2010 British TV series

Don't Stop Believing is a British television talent show that aired on Channel 5 in summer 2010. It was inspired by the musical comedy-drama Glee, which airs in the United States on the Fox network. The series featured live shows in which musical performance groups competed against each other, with viewers voting on the winner. Solo singers were also sought to join a group to represent the United Kingdom on the American glee club circuit. The show was hosted by Emma Bunton, and judged by Anastacia, Duncan James, Tamzin Outhwaite and Charles "Chucky" Klapow. The programme was shown in simulcast on Irish TV channel 3e and repeated a week later on parent channel TV3 Ireland. The show was not renewed for a second series due to low ratings.

==Development==
Don't Stop Believing was produced by Shine TV and GroupM Entertainment. Based on the popularity of Glee and High School Musical and billed as Glee meets The X Factor, the show intended to combine elements of both singing and dancing competitions. Five's controller, Richard Woolfe, stated: "There's an explosion in musical performance groups and Don't Stop Believing will tap into that exciting groundswell. This will be the first series to combine both singing and dancing to create an amazing entertainment spectacle which will completely capture the viewers' imagination.". By May 2010, over 3,000 groups had applied to take part in the show via the Five website.

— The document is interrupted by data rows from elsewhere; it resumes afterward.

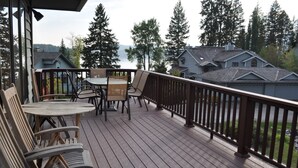 A wooden deck with outdoor furniture, a railing, and a view of houses and trees. - Mountain Harbor #137 3 Bedroom Condo (Whitefish)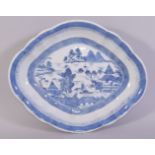 A CHINESE BLUE AND WHITE PORCELAIN DISH, the centre painted with a landscape scene, 26.5cm x 22cm.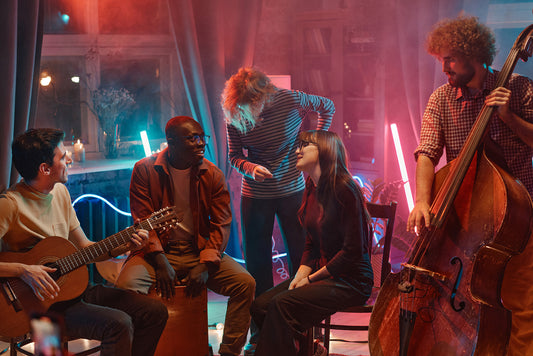 A group of musicians, bathed in colorful stage lights, passionately perform jazz music in a dimly lit Kansas City venue, showcasing the city's vibrant cultural scene.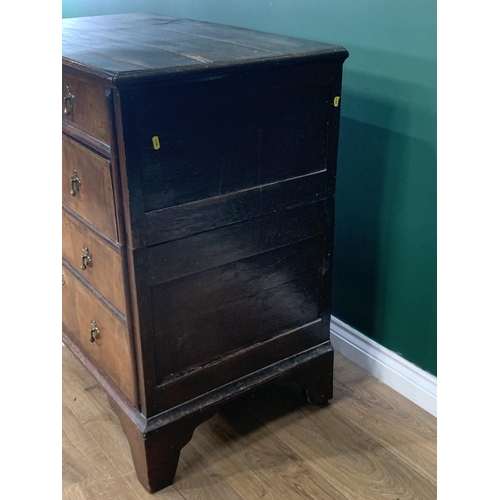 583 - An 18th Century walnut and oak Chest of two short and three long graduated drawers on bracket suppor... 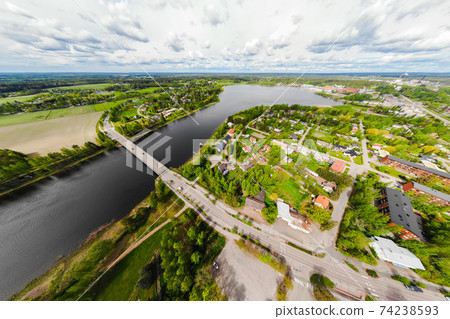 Aerial panoramic view of city Inkeroinen at river Kymijoki, Finland. Aerial panoramic view of city Inkeroinen at river Kymijoki, Finland. 74238593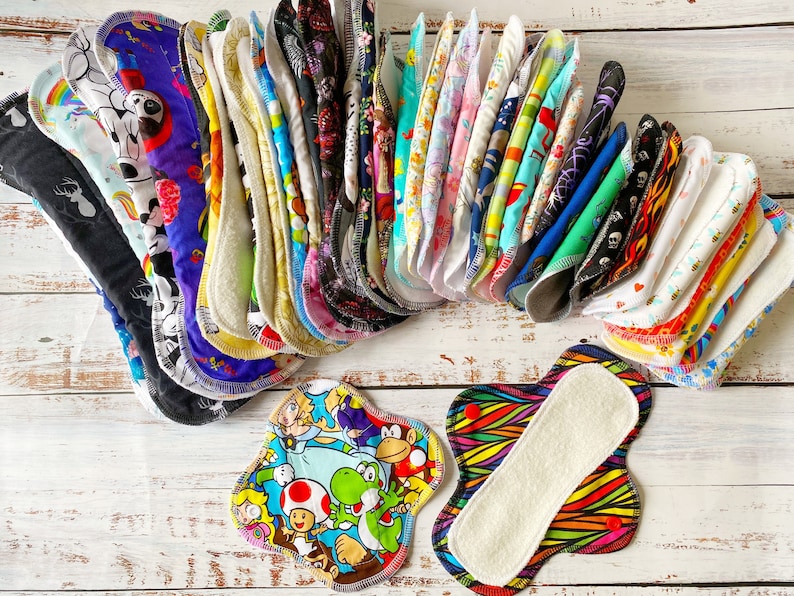 May include: A collection of colorful reusable cloth pads with various patterns, including cartoon characters, animals, and abstract designs. The pads are folded and stacked on a white wooden surface.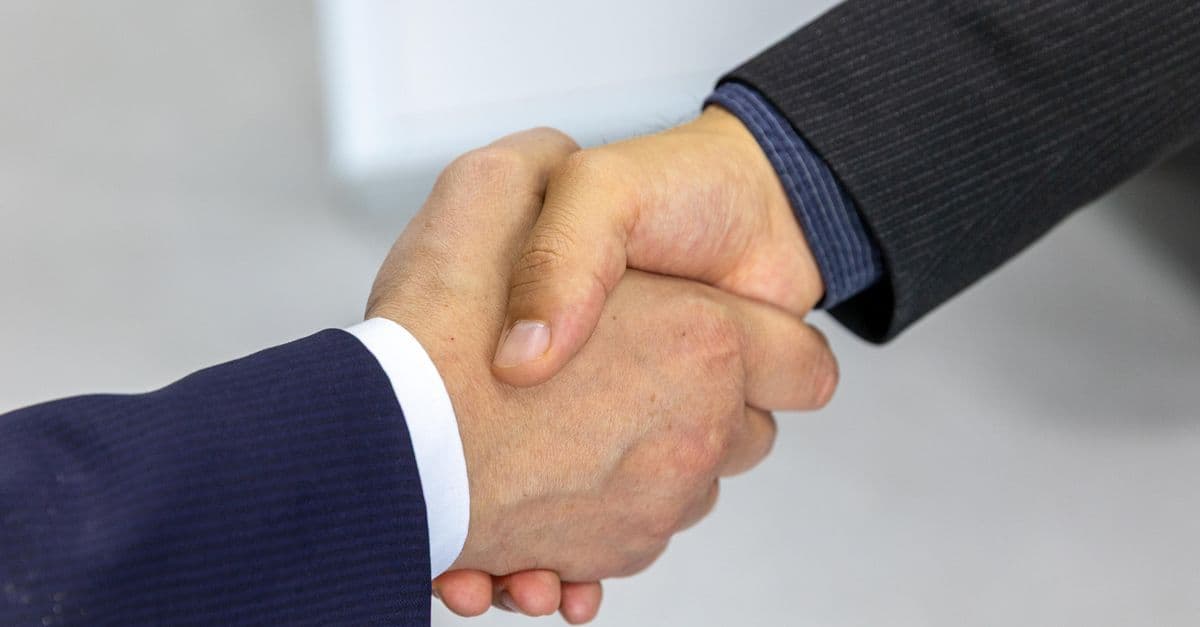 Zwei Geschäftspartner geben sich förmlich die Hand zur Gratulation im Büro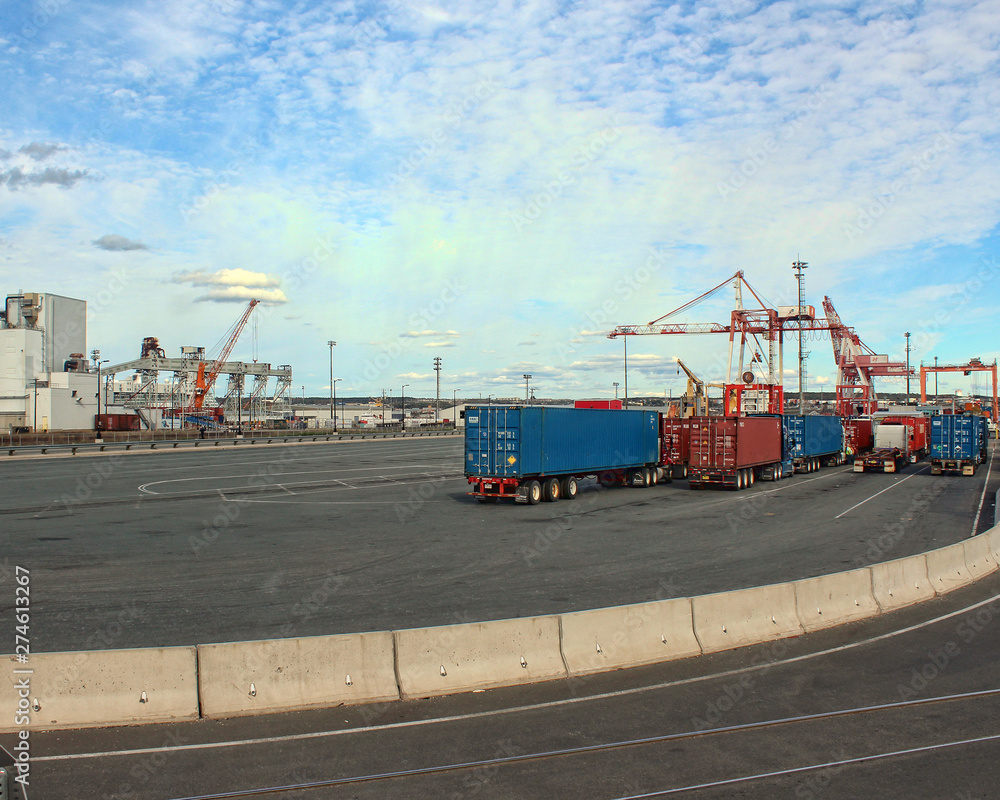 Wall mural freight loading on container cars in port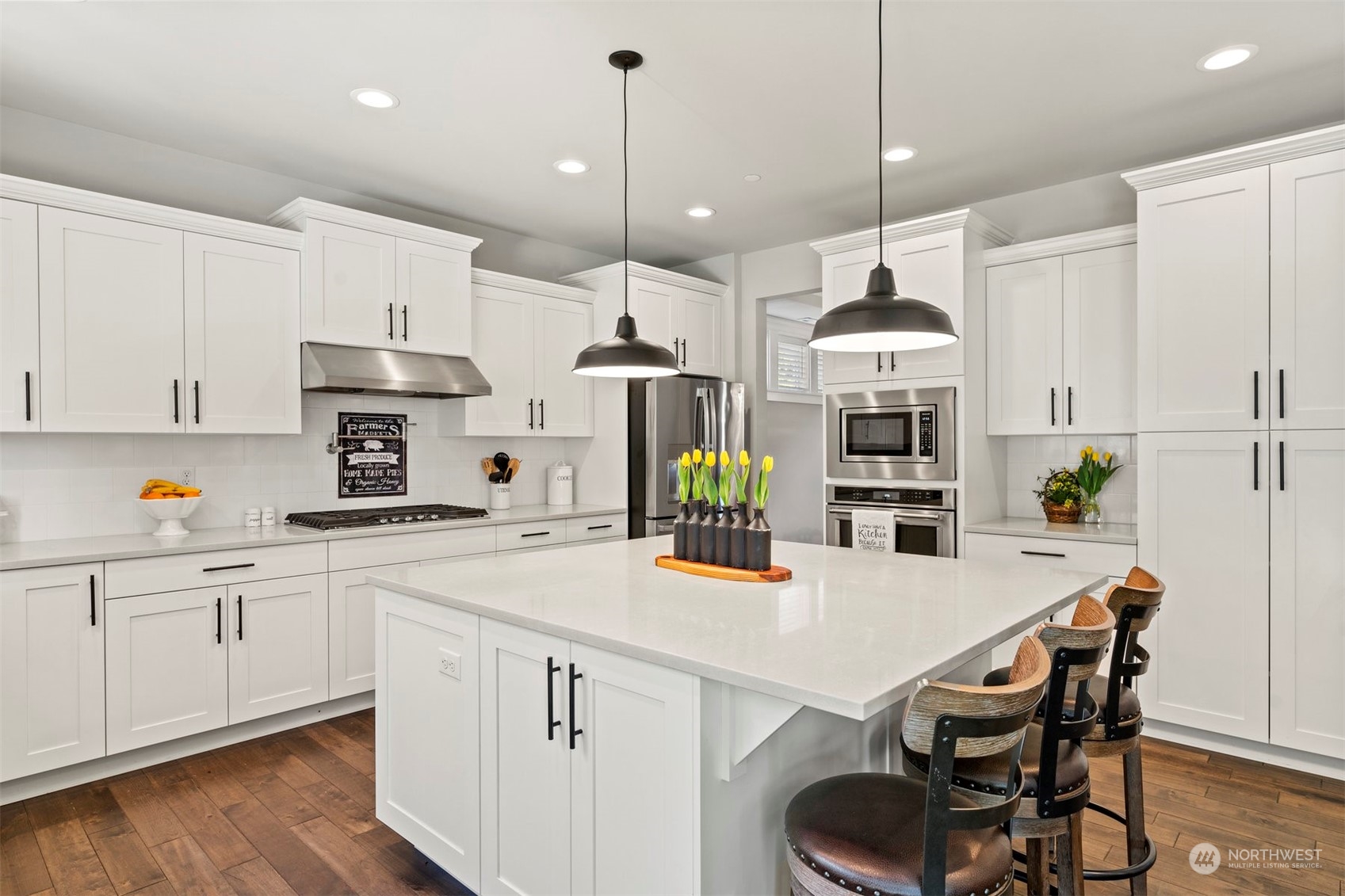 23902 1st Avenue Southeast Bothell, WA 98021 - Photo 10 of 39 a kitchen with stainless steel appliances kitchen island a table and chairs in it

Social networking website MySpace is the show's online hub, featuring exclusive content including video webchats with the judges, highlights of the show and choreography tutorials. Users are able to purchase tracks from the programme directly through MySpace. Sophie Rouse, director of marketing at MySpace UK, stated: "As a platform dedicated to the discovery of new content, MySpace can add an extra dimension to big events like these, giving fans the opportunity to interact directly with the talent and exclusive content from the show."

==Format==
Established and new musical performance groups compete in a series of live shows, performing well-known songs in new arrangements. Contestants perform in front of celebrity judges, with viewers voting for the winner. Alongside the main competition, solo singers are invited to join a group to represent the United Kingdom on the American glee club circuit. Auditions are held while the series airs, with new members joining each week.

==Judges and host==
The show is hosted by Emma Bunton. Five's head of entertainment, Donna Taberer, stated that she was "utterly thrilled" to have Emma as part of the project, deeming her the "perfect host" due to her singing, dancing and presenting experience. Bunton commented: "Like millions of others I'm currently obsessed with musical performance groups so I am beyond excited", telling The Belfast Telegraph that she is a "huge fan" of Glee. The show's judges are former EastEnders actress Tamzin Outhwaite, Blue member Duncan James, singer Anastacia and High School Musical choreographer Charles "Chucky" Klapow.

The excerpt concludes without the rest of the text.